Training im Anfangsstadium und erste Langdistanzerfahrungen.

Meine Bundeswehrzeit ging ihrem Ende entgegen. Durch meine sportlichen Erfolge hatte ich etliche Sonderurlaubstage eingeheimst und auch den kompletten Jahresurlaub eingespart, sodass ich meine Dienstzeit anderthalb Monate vor ihrem eigentlichen Auslaufen beenden konnte. Außerdem verfügte ich über eine ansehnliche Abfindungszahlung, mit der ich einige Monate überbrücken konnte. Bis zu meinem geplanten Studienanfang waren es noch über 14 Wochen Zeit, sodass ich insgesamt über volle fünf Monate ohne Bundeswehr und Studienbelastung verfügte, in denen ich mir um mein Einkommen keine Sorgen machen musste und die ich voll meinem Triathlontraining widmen konnte. Ich erkannte und merkte mittlerweile selbst, was mir beim Laufen gut tat, was beim Krafttraining fruchtete und was ich tun musste, um meine Schwächen im Schwimmen und Radfahren zu verbessern. Also nutzte ich die viele Zeit intensiv und trainierte sechsmal pro Woche, jeweils vier bis sieben Stunden am Tag. In dieser Zeit machte ich durch meine enormen Trainingsumfänge im Laufen weitere deutliche Fortschritte und verbesserte mich auch im Radfahren und Schwimmen. Meine Wettkampfergebnisse im Triathlon wurden immer besser. Zwar blieb das Schwimmen meine Schwäche, aber ich konnte mich doch in den beiden anderen Disziplinen immer weiter nach vorne arbeiten. In dieser Zeit interessierte mich kaum etwas anderes als der Triathlon. Ich trainierte, konzentrierte mich auf meine Ernährung, verzichtete erstmals komplett auf Alkohol und dachte zu diesem Zeitpunkt noch, dass eine vegetarische Ernährung meinen sportlichen Zielen besonders dienlich sei.

Gegen Ende dieser Übergangsphase, zwischen Wehrdienst und Studium, fühlte ich mich stark und mutig genug, um an meinem ersten Ironman-Wettkampf teilzunehmen. Ich hatte immerhin schon fünf Triathlon oder Duathlon-Wettkämpfe hinter mir. Darunter auch eine sogenannte Mitteldistanz über zwei Kilometer Schwimmen, 80 Kilometer Radfahren und 20 Kilometer Laufen. Außerdem hatte ich schließlich fast über ein halbes Jahr hinweg kontinuierlich zwischen 25 und 35 Stunden pro Woche trainiert. Bevor ich mich anmeldete, versuchte ich im Hundsangener Freibad, wo der Bademeister immer bereitwillig meine Bahnen zählte und sich stets freute, wenn ich kam, 3.800 Meter am Stück zu schwimmen. Dies sollte meine Generalprobe sein. Es gelang mir und fiel mir zum Glück auch nicht allzu schwer. So meldete ich mich umgehend in Kulmbach bei einem Wettkampf über die Ironman-Distanz von 3,8 Kilometer Schwimmen, 180 Kilometer Radfahren und 42 Kilometer Laufen an.

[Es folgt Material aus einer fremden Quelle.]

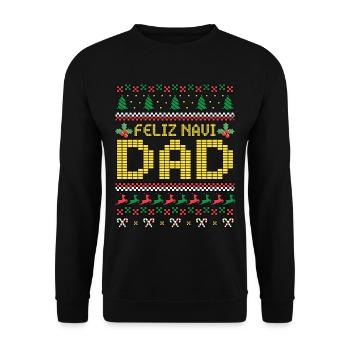 Xmas Feliz NaviDad Ugly Christmas Sweater Costume - Unisex Pullover - Schwarz - Vorne - Alina (178cm) & Michal (187cm)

Von diesem Tag an beschäftigte ich mich gedanklich noch mehr mit meinem Sport. Ich ging zwar weiterhin am Wochenende weg, ohne jedoch dabei das Training zu vernachlässigen. Oft kam ich samstags nachts erst gegen vier oder halb fünf von Party- oder Discobesuchen nach Hause, stand dann um sieben Uhr wieder auf und fuhr mit der Darmstädter und Elzer Trainingsgruppe die große Rheinrunde von mehr als 200 Kilometern auf dem Rad. Meine Trainingsumfänge und Inhalte verheimlichte ich vor anderen. Ich erzählte zwar von der geplanten Teilnahme am Ironman, aber verriet niemandem, wie viel ich wirklich trainierte und dafür investierte. Ich wollte nicht, dass sich bei einem „did not finish“, einem Scheitern meines ersten Ironmans, jemand lustig über mich machte, dass ich so viel trainiert hätte und trotzdem nicht ins Ziel gekommen sei. Zusätzlich wollte ich nicht, dass sich jemand an meinem Trainingsfleiß ein Beispiel nahm, dieses nachahmte und dann genauso große und schnelle Fortschritte machte wie ich.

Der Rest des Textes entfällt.